One of the first steps the new Trump administration has taken is to shut down the White House comment line (UPDATE: Trump didn’t do it, see below). According to Variety, if you call that phone number now, you get a message instructing you to reach out to the White House via Facebook Messenger. This idea would be stupid even if the White House or President Trump had a Facebook Messenger account, which, at the time of this posting, they do not (though the Donald J. Trump page does feature – and I’m not joking – a very prominent link to “Shop Now”).
This is probably more of a garden-variety first-couple-of-days flub than really a lie – someone shut off the phone line before they had a chance to get the Messenger account up and running. Still, it bears noting because as every activist in the world will tell you, calling your representatives is the most effective way of making your voice heard short of actually visiting their offices. Picking up the phone forces an actual human to spend time talking to you. Those actual humans have to take notes on what you say and keep some kind of record on it. And at some point, if enough people call about the same topic, those actual humans, being humans, hopefully get sick of hearing people rant about the same thing over and over, and so they pressure their boss to actually do something about the issue.

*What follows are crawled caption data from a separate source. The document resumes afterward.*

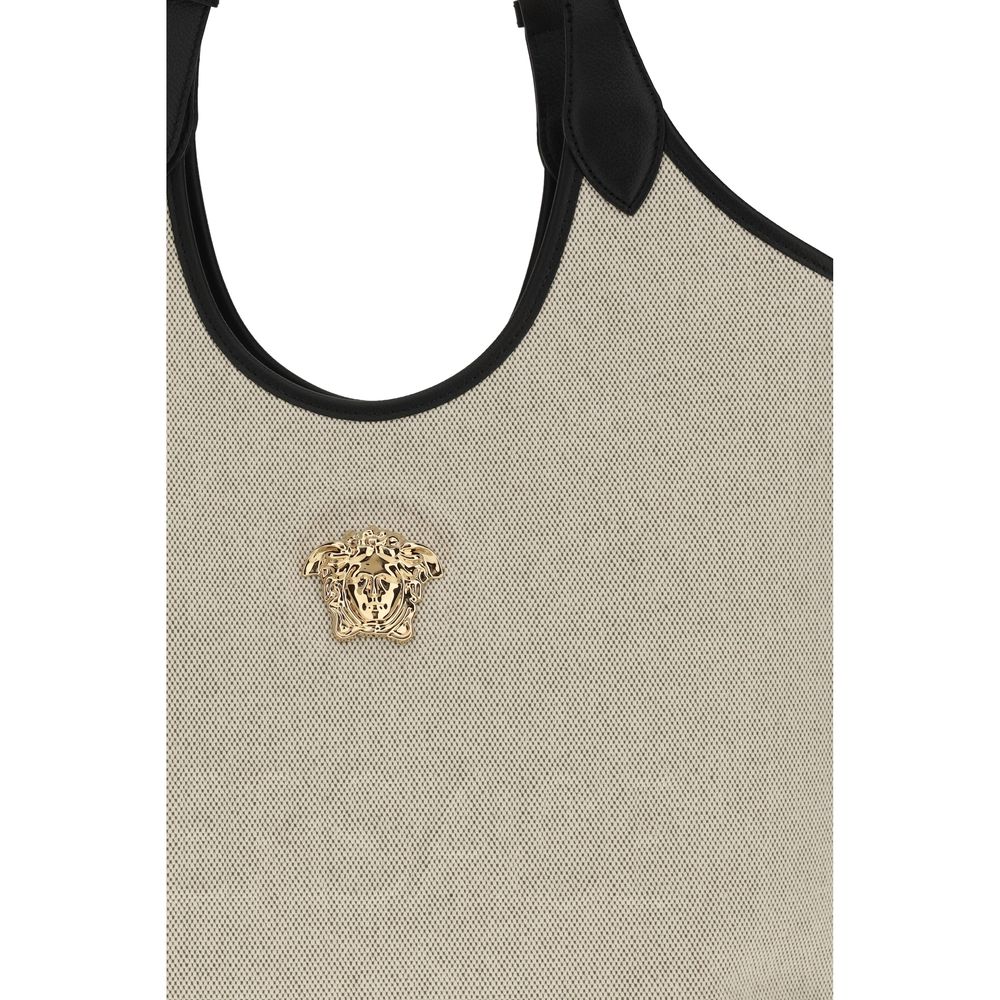 Beige Cotton Shoulder Bag - ventzia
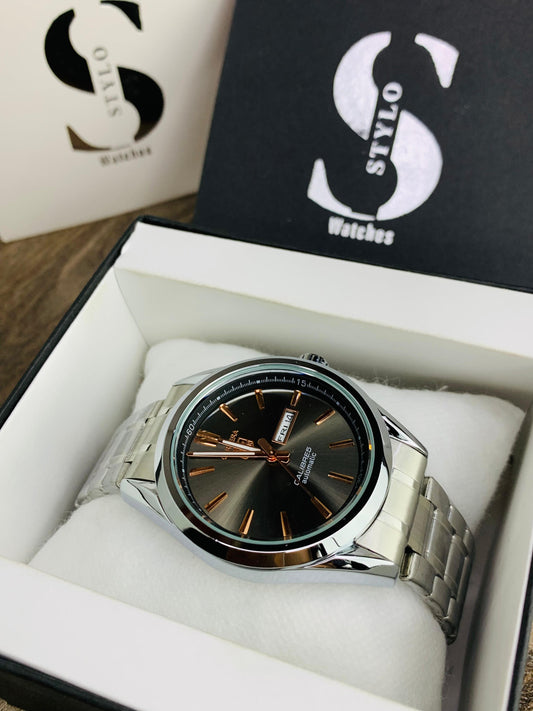 Stylo Tag Chain (Silver Black)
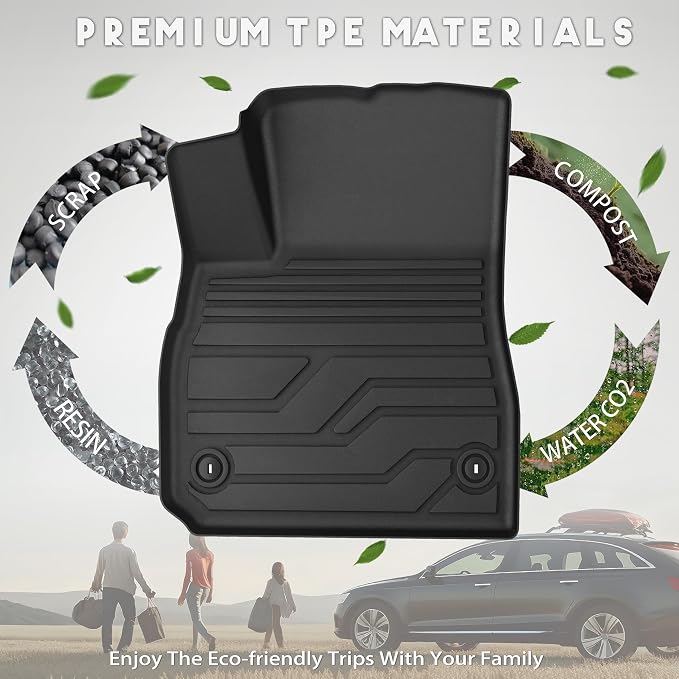 KARPAL Floor Mats for 2016-2025 Chevrolet Chevy Malibu, All-Weather TPE Custom Fit Floor Liners Car Accessories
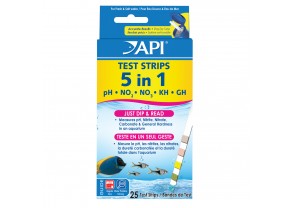 API 5 in 1 Aquarium Test Strips - 25 pk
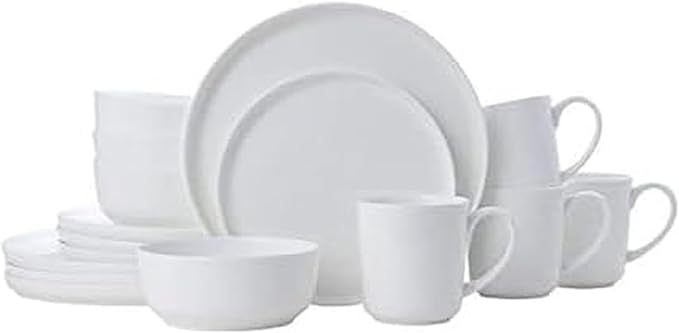 Mikasa 5266100 Samantha Chip-Resistant 16 Piece Set, Service for 4 White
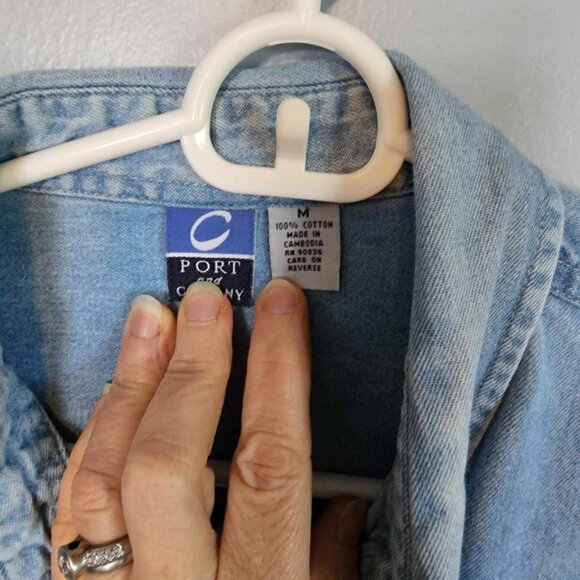 EUC National Law Enforcement Memorial Denim Button-Down - Picture 3 of 4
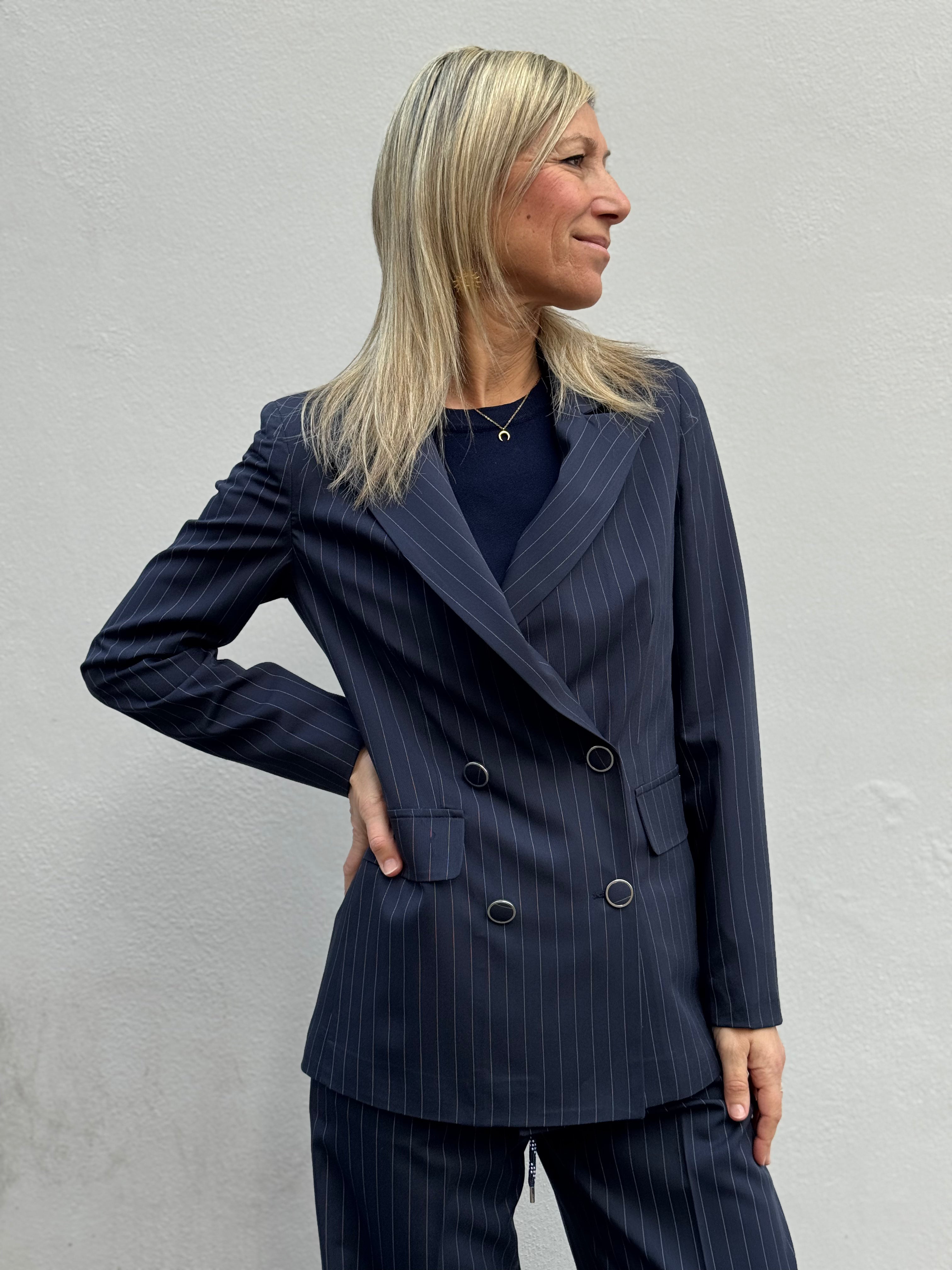 Blazer gessato mimì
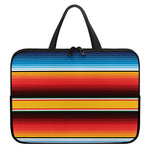 Ethnic Serape Blanket Pattern Print Laptop Sleeve With Handle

Facebook Messenger does not work quite the same way. First of all, one can just ignore Facebook messages. I do it myself all the time (haha just kidding, friends! (No but seriously)). Also, if you’re willing to pay for it, you can have a robot do your chatting for you. I assume this is what the White House intends to do. The problem with this is that robots do not care how many people complain to them about the same thing. They will sit there and listen mindlessly and provide the same scripted response to every problem. And then perhaps what you talked about will be categorized and go into a database, or perhaps it won’t, but the point is no one’s life will have been affected by your reaching out, and that means reaching out will become less useful.
To prove my point, here is a screenshot of a conversation I had with one of Disney’s Messenger chatbots, Miss Piggy:

I messaged her three times between 8:29 a.m. and 8:32 a.m. and she didn’t even answer me. To be fair, maybe she doesn’t work early mornings. Here’s a transcript of a conversation I had with HealthTap, a bot that dispenses health advice 24/7:


Ok, so I have to admit that I often lay awake at night wondering “Why i’m so hide?” But aside from that astonishing coincidence, these results are not super useful. And that’s not HealthTap’s fault – actually, when it’s asked a more typical question, it becomes one of the more helpful chatbots I’ve used. But when you talk to a chatbot, it’s not listening to you, and it’s not responding to you – it’s responding to an algorithm. One of the pluses to using a chatbot is around-the-clock availability (except, apparently, in the case of Miss Piggy). One of the minuses is that a human being may never find out what you had to say. And when you’re trying to be an activist, that’s a huge minus. The Trump administration is cutting itself off from the American public only days after the president promised in his inaugural address that he intended to return power to the people.
I will update this post if/when Miss Piggy responds.
UPDATE, 1/24 2:57 p.m: So it appears that the comment line was actually shut down in the week before the inauguration as the Obama administration was winding down. I’m leaving the post up because the White House still has no comment line and using Messenger as a way to communicate with elected officials is still dumb. Someone currently working at 1600 Pennsylvania Avenue should either change the voicemail or get someone on the phones. Still no answer from Miss Piggy, btw.